Hmm. No output from that command… of course, because I’ve signalled to the Tomcat process to give me a thread dump the output will be in the Tomcat logs:

==> catalina.out Full thread dump Java HotSpot(TM) Client VM
(1.5.0\_16-133 
mixed mode, sharing):

"DestroyJavaVM" prio=5 tid=0x010017f0 nid=0xb0801000 waiting 
 on condition [0x00000000..0xb0800060]

"SelfCleaningTable\$Cleaner" daemon prio=5 tid=0x01049030 
 nid=0x8e7a00 in Object.wait() [0xb171f000..0xb171fd90]
 at java.lang.Object.wait(Native Method)
 - waiting on (a java.lang.ref.ReferenceQueue\$Lock)
 at java.lang.ref.ReferenceQueue.remove(ReferenceQueue.java:120)
 - locked (a java.lang.ref.ReferenceQueue\$Lock)
 at java.lang.ref.ReferenceQueue.remove(ReferenceQueue.java:136)
 at com.j\_spaces.obf.eb.run(SourceFile:231)

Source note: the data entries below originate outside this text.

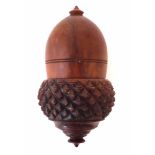 Coquilla nut nutmeg grater, carved in the form of an acorn, internal tin grater, 19th century, 8cm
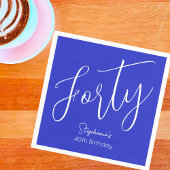 Gewoon Modern Script Royal Blue 40th Verjaardag Servet
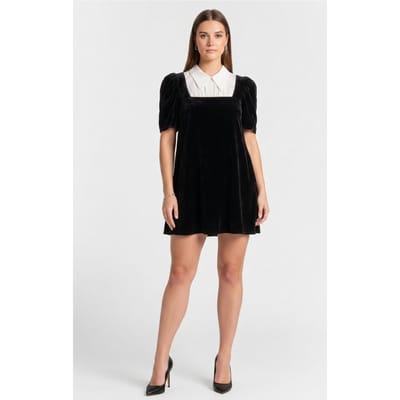 & Other Stories Astrid Velvet Dress Party Black Maat: 32 | Mini Jurken Outlet | Dames | Zwart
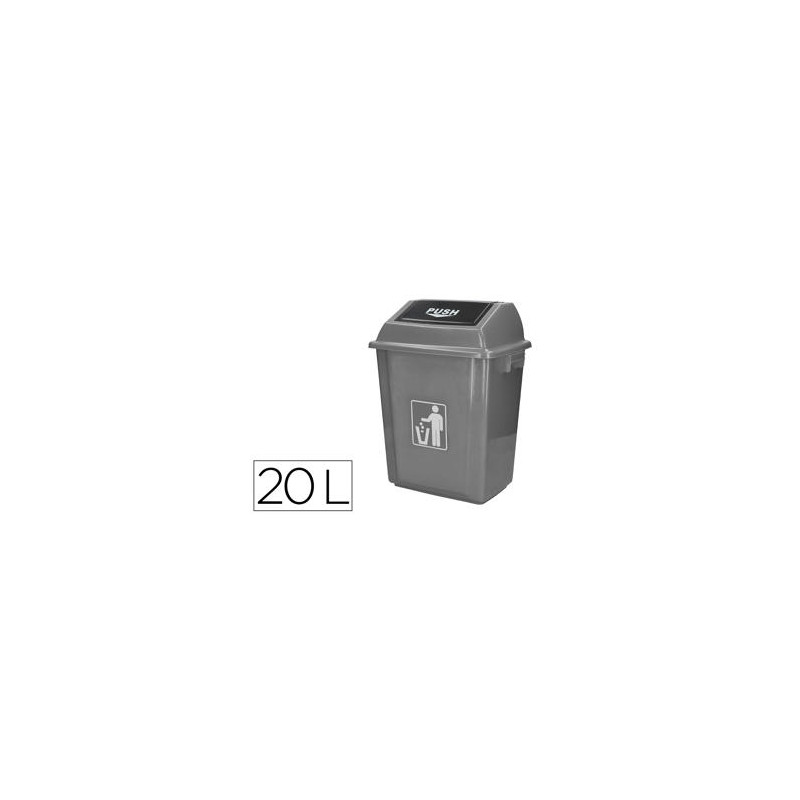 PAPELERA CONTENEDOR Q-CONNECT PLASTICO CON TAPA DE BALANCIN 20 LITROS GRIS 340X240X450 MM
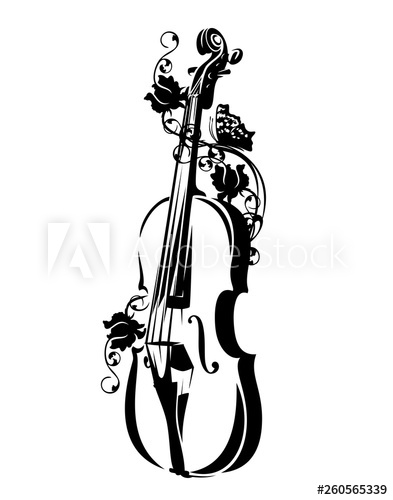 393x500 Violin With Rose Flowers And Butterfly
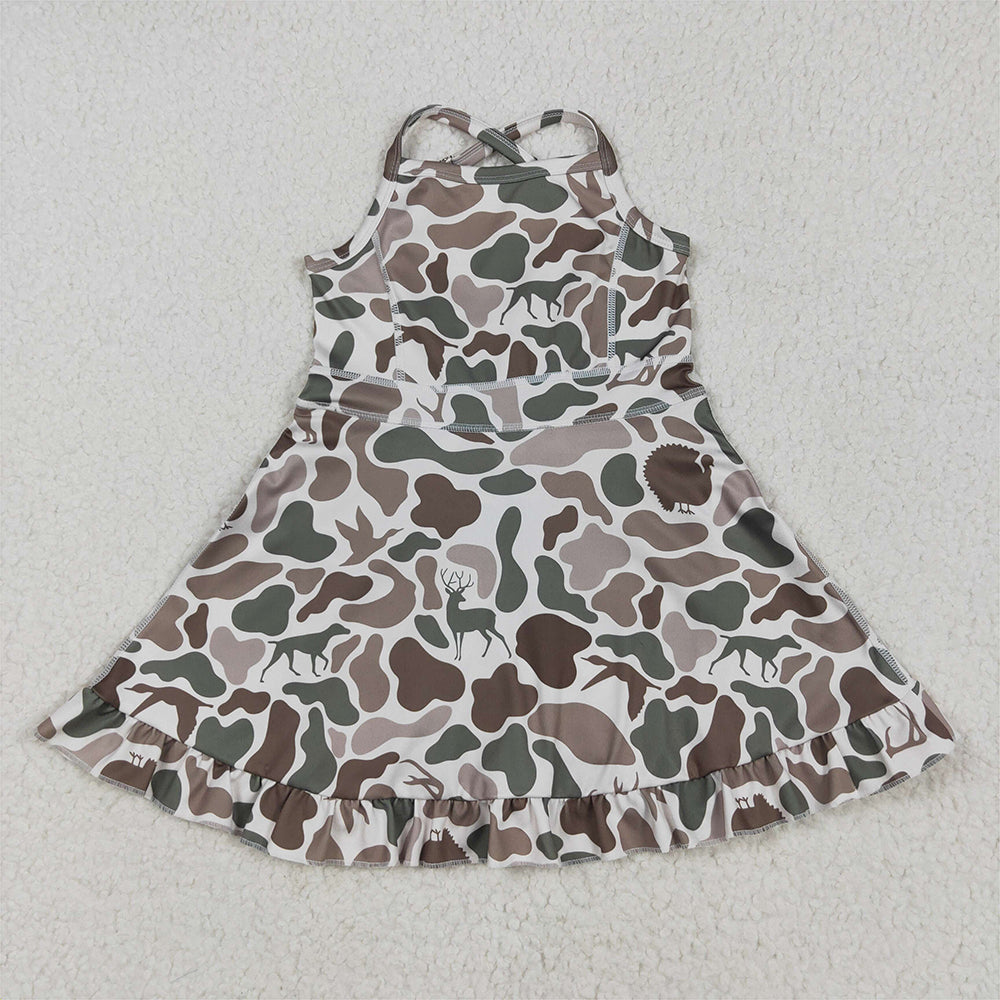 USA Shop (in stock) GSD2311 Baby Girls Summer Yoga Dress Baby Girls Strap Green Deer Dogs Ducks Camo Yoga Ruffle Knee Length Dresses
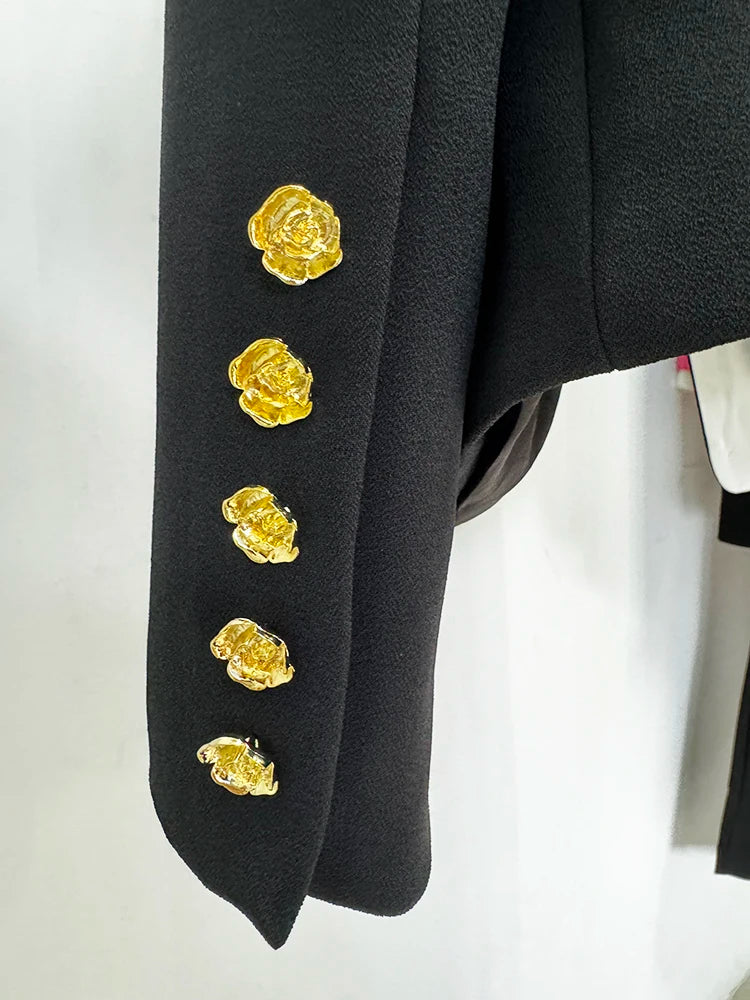 Rose Metal Buttons Blazer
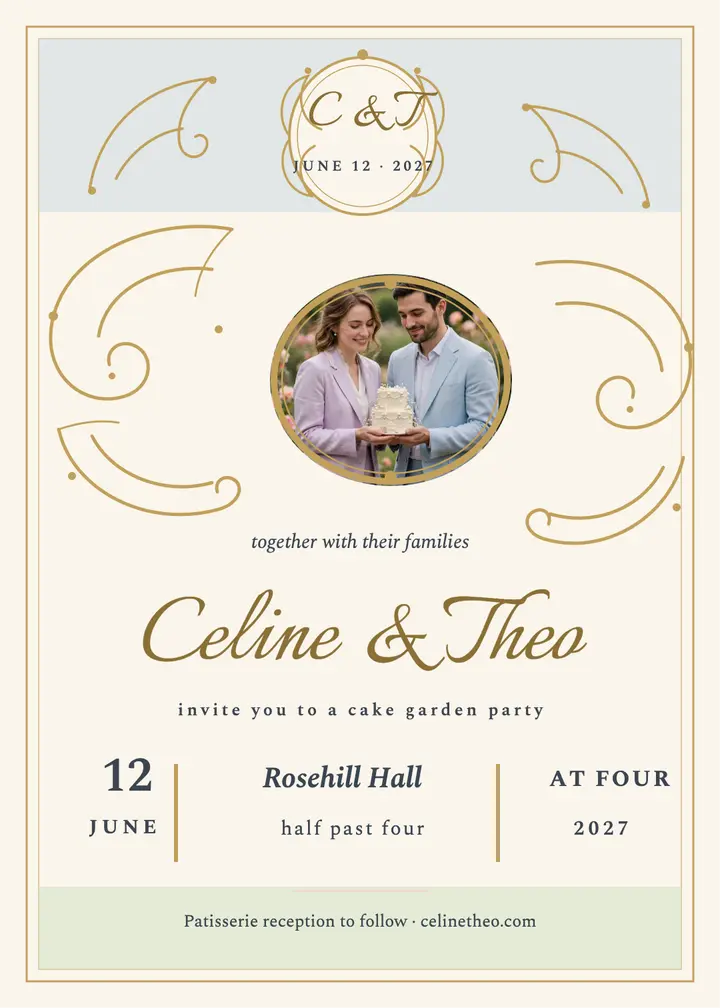 Celine and Theo blush garden invitation template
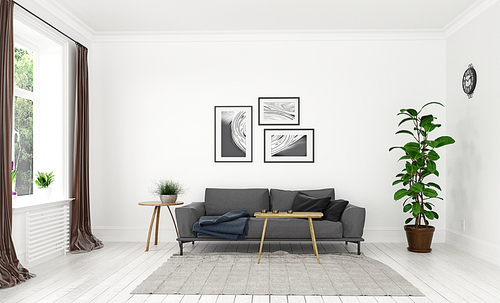 modern living room. Scandinavian interior design. 3d rendering concept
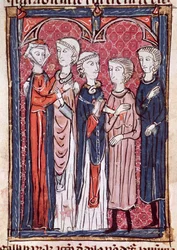 Ms 372 fol.141 Ein Engagement, aus Decrets de Gratien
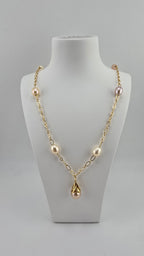 Collier chaine avec perles de culture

"pool-1-thread-1" prio=5 tid=0x01021470 nid=0x8f0c00 waiting
 on condition [0xb0c8a000..0xb0c8ad90]
 at sun.misc.Unsafe.park(Native Method)
 at java.util.concurrent.locks.LockSupport
 .park(LockSupport.java:118)
 at java.util.concurrent.locks.AbstractQueuedSynchronizer$
 ConditionObject.await(AbstractQueuedSynchronizer.java:1841)
 at java.util.concurrent.LinkedBlockingQueue
 .take(LinkedBlockingQueue.java:359)
 at java.util.concurrent.ThreadPoolExecutor
 .getTask(ThreadPoolExecutor.java:470)
 at java.util.concurrent.ThreadPoolExecutor$Worker
 .run(ThreadPoolExecutor.java:674)
 at java.lang.Thread.run(Thread.java:613)
...

…it goes on for a bit. The parts I was interested in were non-daemon processes (because daemon ones are shutdown when the JVM shutsdown). In my case, the “pool-1-thread-1” process reminded me that we’d put a few things into an Executor and possibly not cleaned up properly. I know it was that thread name, because I’d seen it in the application log files. A quick dip into Java Concurrency in Practice to remind myself about The Rules, and I had a few modifications that resolved the issue. But…

Step 3: try out JConsole. The trick here is that you need to set a flag at Tomcat start up time:

$ export CATALINA_OPTS="-Dcom.sun.management.jmxremote"
$ sh startup.sh

Then a quick jps -lm to find the process number, then fire up JConsole with jconsole pid-goes-here and you’re set. Not only do you get easier access to the thread list, you also have buttons in the MBean tab with tempting names.